4 Photonics Projects Get Defense Funding
The U.S. Department of Defense has awarded funding totaling $28.3 million for four photonics graduate research projects under its Multidisciplinary University Research Initiative (MURI).
Brief summaries of the projects follow. For further information on each project, follow the hyperlinks provided.
• $7.5 million for study of
photochemical and photophysical processes involving plasmonic nanoparticles. Potential applications include water remediation, sterilization, distillation and electric power generation.
One project group will examine the charge and energy transfer between plasmons and molecules, while another will use spectroscopy to measure the processes in real time. Team members come from the universities of Columbia, Princeton, Rice, Minnesota and Oldenburg, Germany.
• $7.5 million for exploration of
plasma-based photonic crystals and metamaterials that operate in the terahertz range. Potential applications include communications, imaging and remote sensing.
Team members come from the universities of Pennsylvania State, Stanford, Tufts, University of California, Los Angeles (UCLA); University of Texas at Austin; and Washington.
• $6.75 million for research into quantum computers. One goal of the new project is to
communicate information between electrical quantum states and light using high-frequency mechanical motion as the intermediary. Specifically, the team will exploit the piezoelectric effect in optomechanical devices so as to transfer information between optical, vibrational and electrical quantum states.
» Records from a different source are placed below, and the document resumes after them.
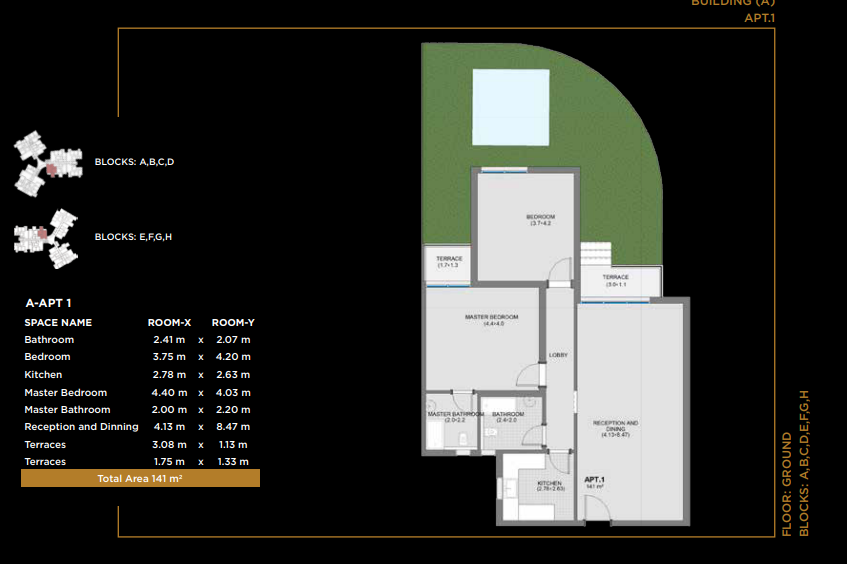 Floor Plan - Capital Way Compound New Capital The Waterway Developments
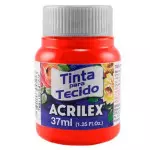 Tinta Acrilex 04140 Tecido 12X37Ml Cor 583 Verm. Tomate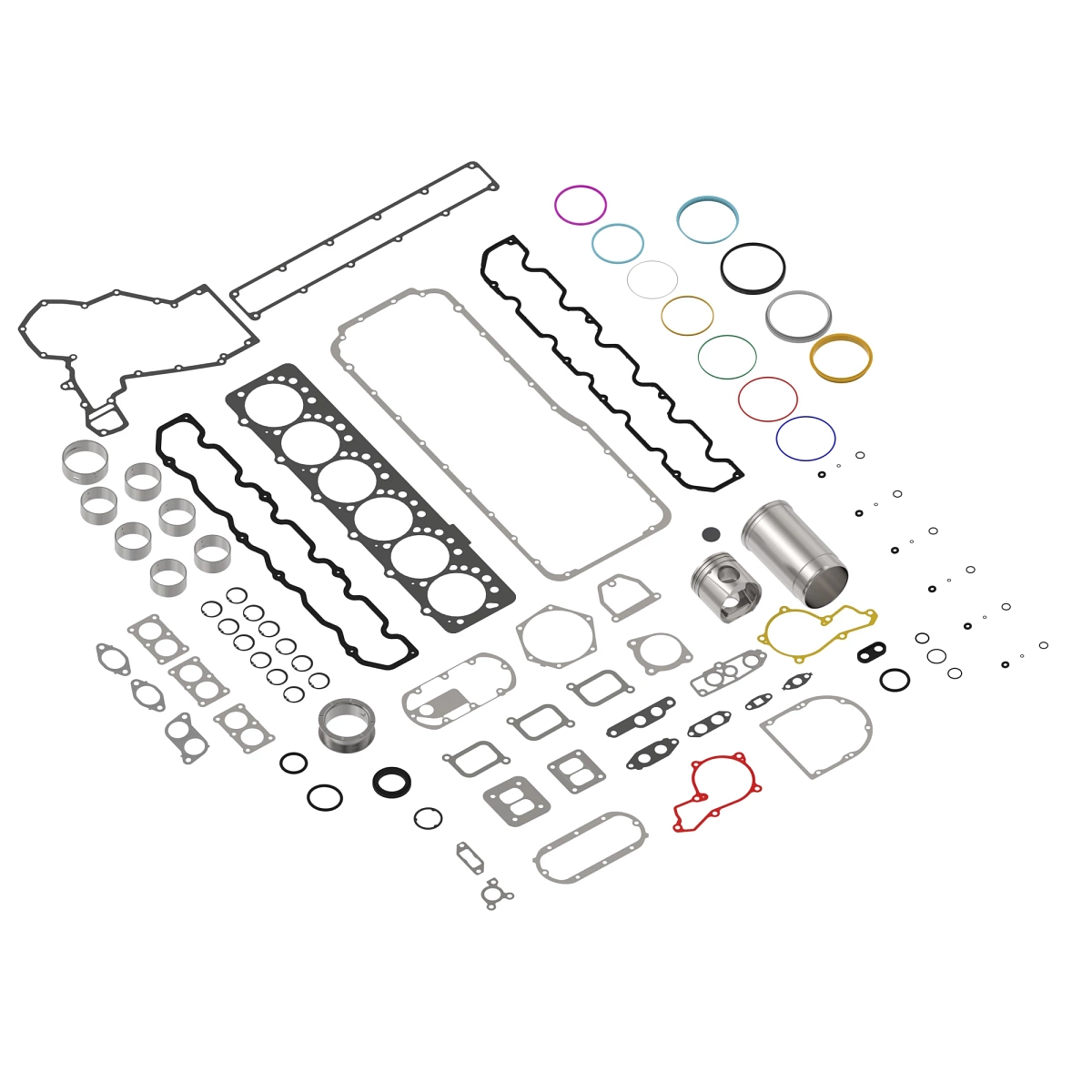 Engine Overhaul Kit, Overhaul/8.1L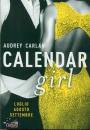 CARLAN AUDREY, Calendar girl. luglio - agosto - settembre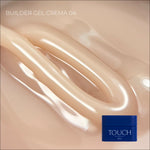 Touch Builder gel Crema 04, 30ml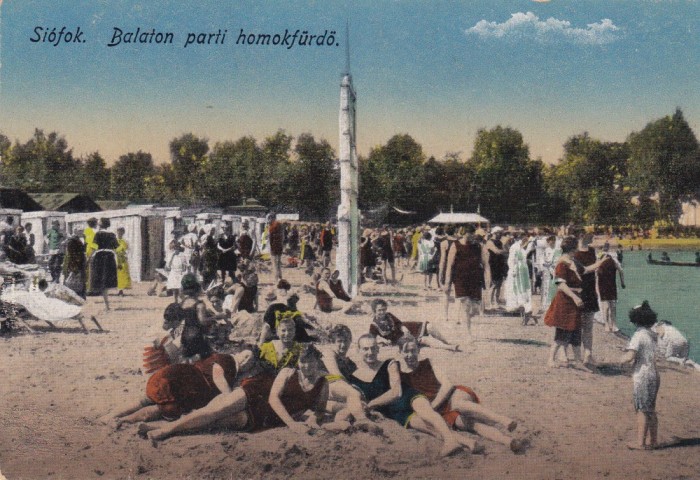 CARTE POSTALA UNGARIA ,BALATON ,NECIRCULATA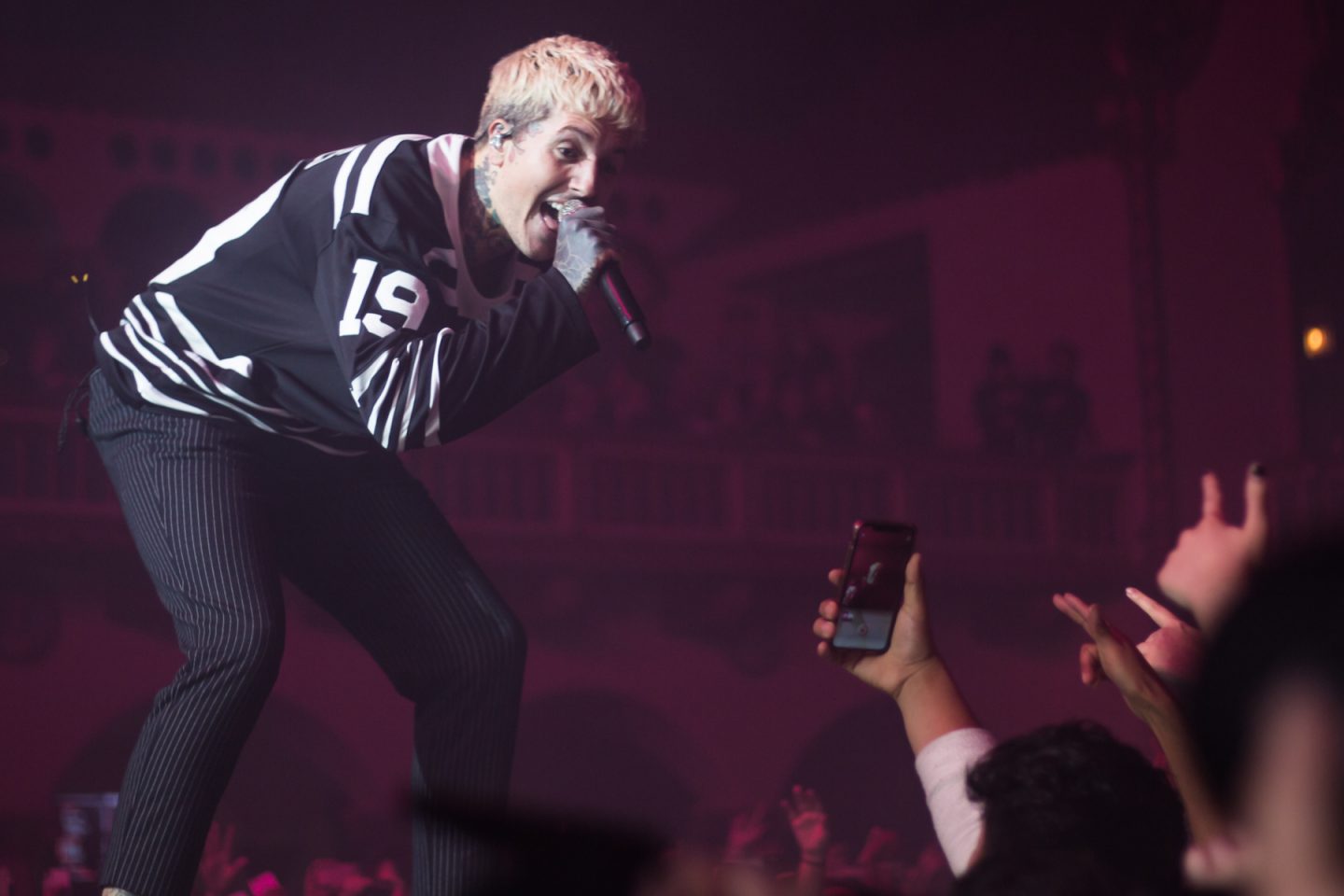 Bring Me The Horizon at The Aragon Ballroom - Lost In Concert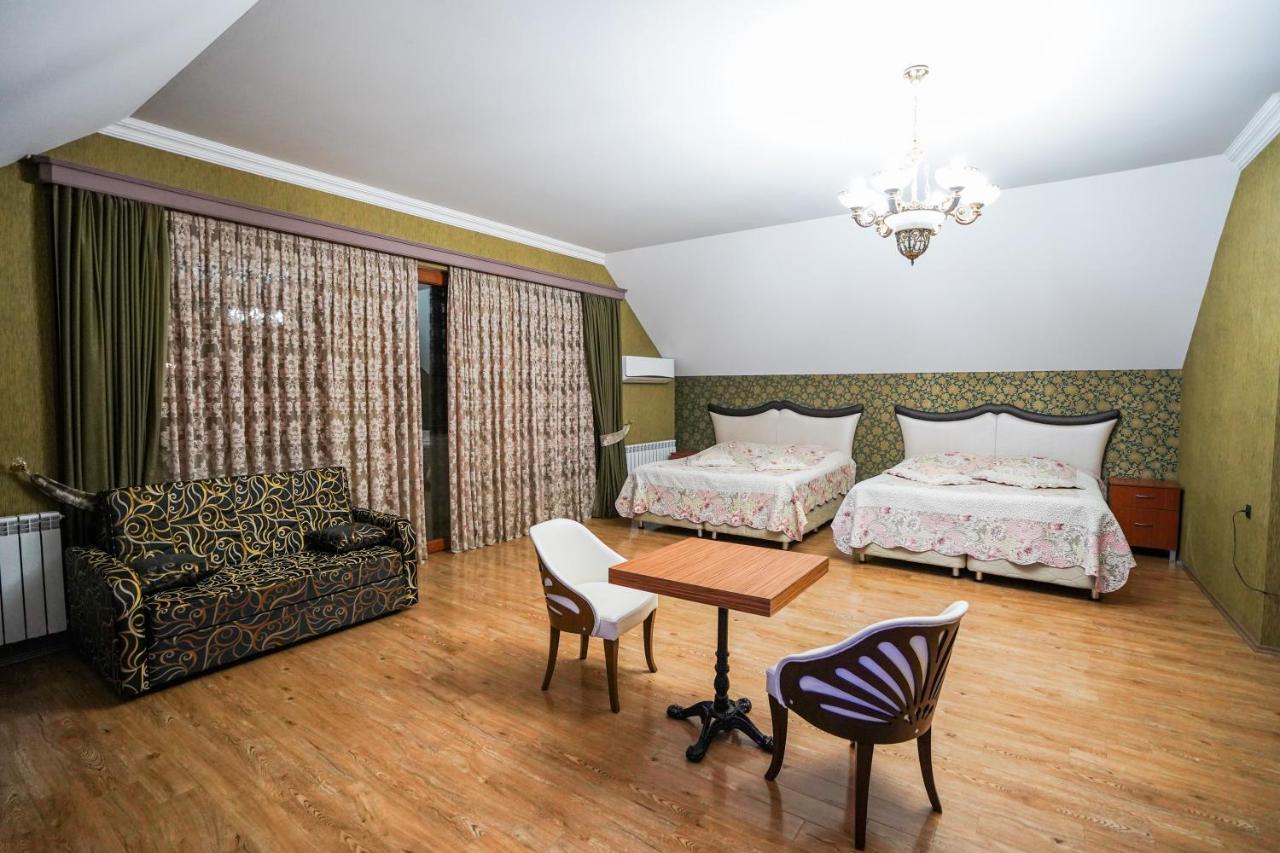 Natali Hotel Боржоми Экстерьер фото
The team includes members from the University of Chicago, Cornell, McGill and Yale universities, and the California Institute of Technology.
• $6.5 million to examine
configurable metasurfaces that manipulate light for advances in lenses, communications, imaging and quantum information.
Team members come from the universities of Harvard, Columbia, Lund, Purdue, Stanford, Pennsylvania and Southampton.
The photonics projects are among
24 basic research initiatives at 64 academic institutions receiving a total of $167 million over the next five years from DOD. Initially, 361 white papers were received, 88 of which were selected for more detailed proposals.
DOD said past MURI projects have led to advances in laser frequency combs for precision in navigation and targeting, atomic and molecular self-assembly, and spintronics.